** Saved data entries **
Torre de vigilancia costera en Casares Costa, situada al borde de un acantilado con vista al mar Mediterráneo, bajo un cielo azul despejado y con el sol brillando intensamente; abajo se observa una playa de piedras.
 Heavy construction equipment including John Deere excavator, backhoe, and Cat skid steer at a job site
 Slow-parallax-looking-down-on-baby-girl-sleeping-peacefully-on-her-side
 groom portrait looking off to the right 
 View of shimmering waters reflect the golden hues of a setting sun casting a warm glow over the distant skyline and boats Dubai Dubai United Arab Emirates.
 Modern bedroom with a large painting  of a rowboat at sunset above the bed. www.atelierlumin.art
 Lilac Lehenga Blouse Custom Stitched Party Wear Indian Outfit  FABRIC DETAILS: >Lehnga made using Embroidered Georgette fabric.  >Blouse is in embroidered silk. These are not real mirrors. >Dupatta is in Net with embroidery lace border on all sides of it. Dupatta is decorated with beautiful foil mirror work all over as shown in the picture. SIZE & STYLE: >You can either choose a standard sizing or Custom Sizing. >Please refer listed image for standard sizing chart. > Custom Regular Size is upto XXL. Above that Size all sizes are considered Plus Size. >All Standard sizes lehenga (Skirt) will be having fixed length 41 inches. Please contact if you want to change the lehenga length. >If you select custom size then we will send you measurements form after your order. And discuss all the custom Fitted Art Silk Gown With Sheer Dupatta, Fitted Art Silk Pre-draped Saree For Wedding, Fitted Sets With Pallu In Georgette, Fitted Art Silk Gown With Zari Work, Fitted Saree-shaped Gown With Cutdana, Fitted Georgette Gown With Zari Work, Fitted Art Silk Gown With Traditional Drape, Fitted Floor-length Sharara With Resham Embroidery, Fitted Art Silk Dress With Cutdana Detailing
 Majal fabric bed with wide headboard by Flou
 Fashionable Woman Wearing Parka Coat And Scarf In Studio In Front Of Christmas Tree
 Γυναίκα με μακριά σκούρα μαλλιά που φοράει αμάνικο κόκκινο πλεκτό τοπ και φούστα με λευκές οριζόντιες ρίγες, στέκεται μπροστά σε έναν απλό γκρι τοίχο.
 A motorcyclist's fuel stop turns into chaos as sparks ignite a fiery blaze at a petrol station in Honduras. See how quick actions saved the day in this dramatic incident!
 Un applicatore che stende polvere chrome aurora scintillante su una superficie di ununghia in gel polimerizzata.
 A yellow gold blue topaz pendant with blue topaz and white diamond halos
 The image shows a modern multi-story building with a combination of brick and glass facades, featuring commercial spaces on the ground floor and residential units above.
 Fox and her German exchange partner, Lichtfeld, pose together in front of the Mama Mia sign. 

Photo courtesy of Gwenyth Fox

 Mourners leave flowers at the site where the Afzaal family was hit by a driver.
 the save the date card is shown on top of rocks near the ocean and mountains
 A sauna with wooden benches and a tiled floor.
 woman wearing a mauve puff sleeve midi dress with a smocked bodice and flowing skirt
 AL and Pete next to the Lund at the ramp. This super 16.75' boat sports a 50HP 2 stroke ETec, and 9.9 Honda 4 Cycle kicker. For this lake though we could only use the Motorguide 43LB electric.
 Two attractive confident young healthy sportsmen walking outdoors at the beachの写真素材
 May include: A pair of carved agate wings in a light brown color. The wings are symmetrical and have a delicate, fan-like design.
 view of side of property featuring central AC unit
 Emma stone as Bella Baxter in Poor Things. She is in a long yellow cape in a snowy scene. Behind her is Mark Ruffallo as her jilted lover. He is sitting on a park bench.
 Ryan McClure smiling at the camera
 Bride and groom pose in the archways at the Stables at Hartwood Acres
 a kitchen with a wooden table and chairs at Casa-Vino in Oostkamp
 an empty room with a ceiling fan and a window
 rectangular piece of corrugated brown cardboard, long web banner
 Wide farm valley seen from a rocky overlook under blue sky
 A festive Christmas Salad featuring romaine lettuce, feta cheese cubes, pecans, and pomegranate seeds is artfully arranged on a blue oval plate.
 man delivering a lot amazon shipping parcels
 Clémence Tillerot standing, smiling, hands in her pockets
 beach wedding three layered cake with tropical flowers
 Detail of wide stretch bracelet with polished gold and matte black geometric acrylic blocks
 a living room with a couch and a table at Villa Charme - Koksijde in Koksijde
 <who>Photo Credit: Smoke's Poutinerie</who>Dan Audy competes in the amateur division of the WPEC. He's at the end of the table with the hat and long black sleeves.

** What is needed **
Check each line of the data above for the string "smiling", and copy the ones that have it.

** Written reply **
 Ryan McClure smiling at the camera
 Clémence Tillerot standing, smiling, hands in her pockets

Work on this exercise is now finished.